地球環境

平成30年11月27日

 11月19日から11月23日にかけて,ジュネーブ(スイス)において,水銀に関する水俣条約の第2回締約国会議(COP2)が開催されたところ,概要は以下のとおりです。

1 全体概要

 本会合は,昨年9月の第1回締約国会議(COP1)の結果を元に,条約実施に係る詳細ルールや事務局の組織体制等の運営に関する事項に対する議論を促進するため,隔年開催を原則とする締約国会議の中間年に事務レベル会合として開催されたものです。また,水俣条約事務局が新たな国連機関として正式に発足して初めての会合になります。
 会合には140を超える国と地域や,関連の国際機関や市民社会団体等から,約900名が参加し,我が国からは外務省,経済産業省,環境省等からなる代表団が参加しました。

2 主な会議の結果

 本会合では,水俣条約の規定に基づき,締約国会議で決定すべき事項に関する議題が協議されました。なお,我が国は条約の運営を主導するビューロー会合(理事会に相当)のアジア・太平洋地域の代表として,ヨルダンとともに会合の円滑な実施に貢献しました。主な会議の結果は以下のとおりです。

(1)条約の運営に係る事項

ア 事務局の体制

 水俣条約事務局はジュネーブ(スイス)に置くこと,及び廃棄物・化学物質3条約(バーゼル条約,ロッテルダム条約,ストックホルム条約)事務局等との協力・調整の下,独立の事務局として運営されることが決まりました。
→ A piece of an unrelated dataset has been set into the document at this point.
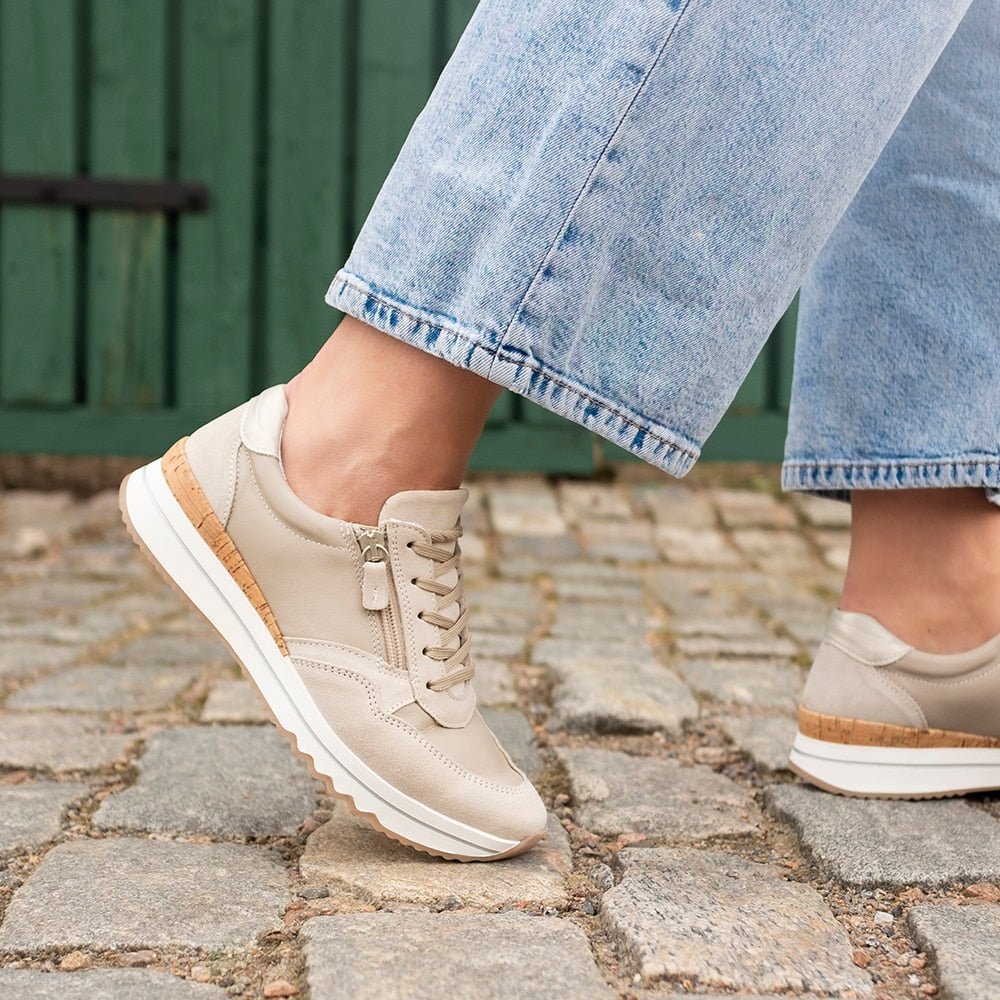 Produktbild 2 - Minfot Alley Sneaker Stretch med dragkedja Beige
イ 地球環境ファシリティ(GEF)及び能力形成及び技術援助を支援する特定の国際的な計画(SIP)のレビュー

 地球環境ファシリティ(GEF)及び能力形成及び技術援助を支援する特定の国際的な計画(SIP)に関し,条約の規定に基づきレビューを進めることで合意しました。また,SIPについては,手続き規則及びプロジェクト審査のガイダンスが作成され,最初のプロジェクトが承認されたことが報告されました。

ウ 予算

 COP1で決定された2018年及び2019年の水俣条約事務局予算を再確認し,2019年の支出見込み比べて不足する分については,2018年からの持ち越し予算を充当することが決まりました。また,各締約国の拠出額については,2019年当初時点での締約国で分担するよう再配分することが決まりました。

(2)水銀規制に関する技術的事項

 我が国は,欧州連合や米国と共同で3つの決議案を提出するなど,水銀の規制に係る国際的なルール作りに積極的に貢献しました。COP2では,水銀の環境上適正な暫定的保管に関する指針,水銀によって汚染された場所の管理の手引き作成のロードマップ等が採択され,水銀廃棄物の範囲及び分類の具体的基準や条約の有効性評価の枠組みにおいて必要となる評価指標等の設定について引き続き議論を進めていくことを決定しました。

(3)関連イベント

 我が国は,会合期間中,日本の水銀対策や分析技術や,水俣市や水俣高校等と連携した情報発信に関する展示を行いました。また,水俣市関係者からのCOP2に向けたメッセージの放映等を行ったほか,世界水銀パートナーシップ,水銀モニタリング,野外焼却からの水銀排出のイベント等に参加し,日本の水銀対策に関する最先端の取組等を紹介しました。
 また,COP2に先立つ11月18日(日)に開催された世界水銀パートナーシップ第9回アドバイザリ会合において,我が国がリードする水銀廃棄物分野の進捗報告を行いました。

(4)次回締約国会議の予定

 次回の第3回締約国会議(COP3)は,2019年11月にジュネーブ(スイス)にて開催することを決定しました。

3 評価

 今次会合では,水銀に関する水俣条約の初年度の活動状況と今後の課題が確認されるとともに,事務局の体制や水銀の規制に必要な各種の技術的事項の詳細について検討が進められました。今後は,廃棄物・化学物質3条約(バーゼル条約,ロッテルダム条約,ストックホルム条約)事務局等との緊密な連携の下,より実効的で効率的な水銀の規制が進むことが期待されます。